The study was conducted in close collaboration with the New Jersey Division of Highway Traffic Safety, the New Jersey Department of Transportation (NJDOT), NJ TRANSIT, Transportation Management Associations, and subregional input.
The study sought to improve safety for bus riders at many thousands of bus stops in the northern New Jersey region. Its centerpiece was a safety educational awareness campaign to raise awareness about safety for both pedestrians and motorists. The study also made recommendations related to physical improvements and design guidelines to create safer bus stops through its Bus Stop Safety Toolbox brochure (pdf provided above) and Bus Stop Field Audit Reports. This included consideration of bus stop design and location, pedestrian signage/signals, pavement markings and area illumination.
Study Highlights:
New Jersey experiences a disproportionate number of pedestrian injury crashes and fatalities compared to the nation as a whole. Many factors contribute to this, such as the region's density, traffic congestion, and high level of transit ridership, particularly bus ridership. Bus ridership accounts for two-thirds of all transit riders, with approximately 600,000 trips per day boarding at over 20,000 marked bus stops in New Jersey. Many bus passengers board and alight from buses along busy highways and often must cross these roadways after dark or during inclement weather. Many crashes at and near bus stops occur on congested urban street systems and along highway corridors.
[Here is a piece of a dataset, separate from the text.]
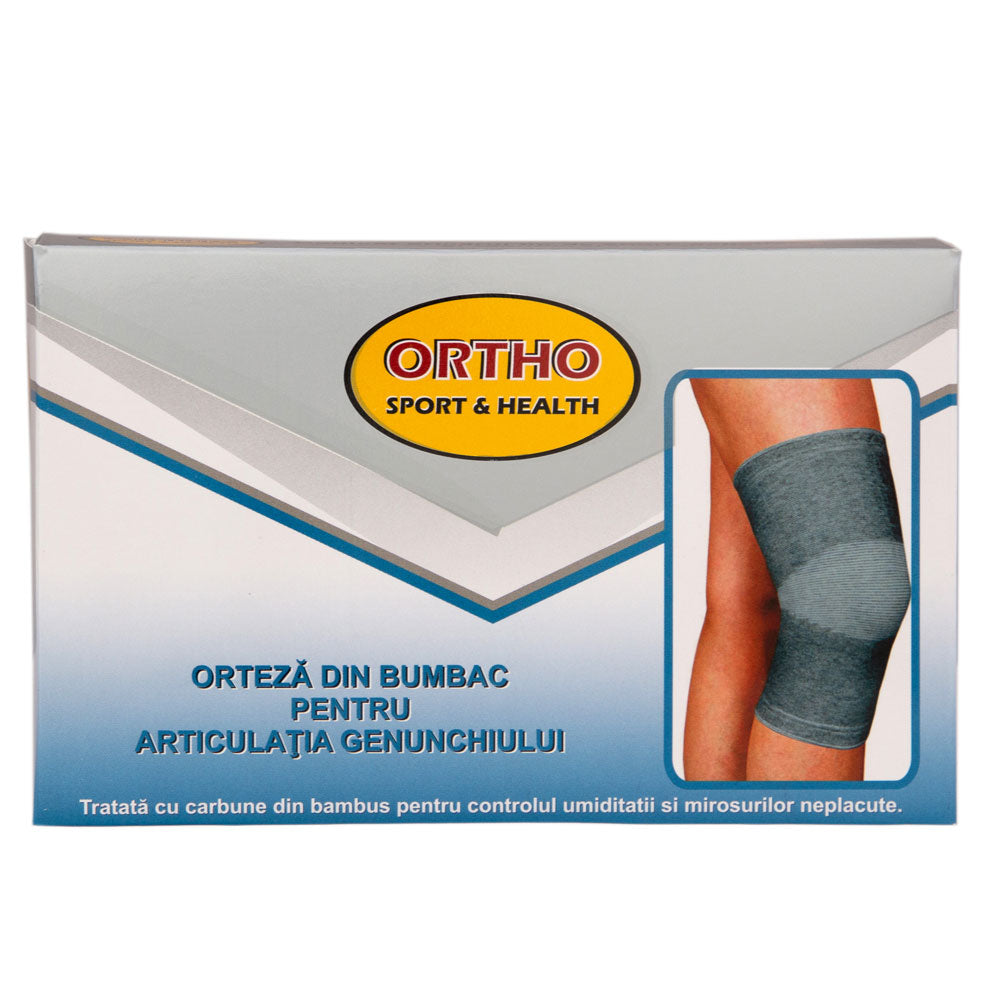 Orteza din bumbac pentru articulatia genunchiului tratata cu carbune din bambus, Marimea M, Ortho Sport & Health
The Pedestrian Safety At and Near Bus Stops Study sought to identify approaches to reduce the severity and frequency of pedestrian crashes at and near bus stops in the 13 county NJTPA region and to improve safe pedestrian access to transit facilities. Successful approaches to improving travel safety often involve a combination of engineering, enforcement, and educational strategies, as well as strategies to improve emergency response time.
The study consisted of three key steps:
- Broad-based analytical review of existing crash data within an appropriate distance of bus stop locations; identified highest frequency crash locations; determined key behavioral and enforcement factors contributing to high-crash activity; selected seven high crash bus stop locations for more detailed analysis.
- Developed and tested educational awareness campaign plan designed to improve pedestrian safety at and near bus stops. This incorporated extensive input from focus groups, one-on-one interviews, surveys and other outreach mechanisms. Approaches included a presentation of campaign themes, concepts, and multimedia communication methods. As part of the educational campaign plan, methods to evaluate the campaign's success was developed as well.
- Evaluated potential engineering, enforcement and other contributing factors at seven high crash bus stop locations that reflected a mix of urban and suburban corridor locations. This analysis was developed as seven individual Bus Stop Field Audit Reports at site-specific bus stop locations. Following this analysis, a Bus Stop Safety Toolbox brochure (pdf provided above) was developed to showcase design and policy recommendations appropriate for bus stops throughout the region.
The study was designed to support and advance the goals of the New Jersey Comprehensive Strategic Highway Safety Plan and build upon the NJTPA's 2008 Regional Safety Priority Update Study, and NJ TRANSIT initiatives in pedestrian-bus crashes at and near bus stops.
Study Status:
As of September 2011, the Pedestrian Safety at and Near Bus Stops Study is in its final draft phase. The report speaks to an Educational Awareness Campaign Plan that consists of three overall themes and various executions of those themes geared toward changing pedestrian and motorist behavior when traveling at and around bus stops.
In addition, the draft contains seven Bus Stop Field Audit Reports with short and long-term suggested design improvements, implementation strategies, and their safety benefits for a small subset of bus stops within the NJTPA region. These Bus Stop Field Audit Reports were developed from pedestrian tracking surveys, field audit observations, bus passenger surveys, and input from the study's literature review.
The study's Bus Stop Safety Toolbox brochure has been finalized (pdf provided above). Printed copies are available upon request from the NJTPA.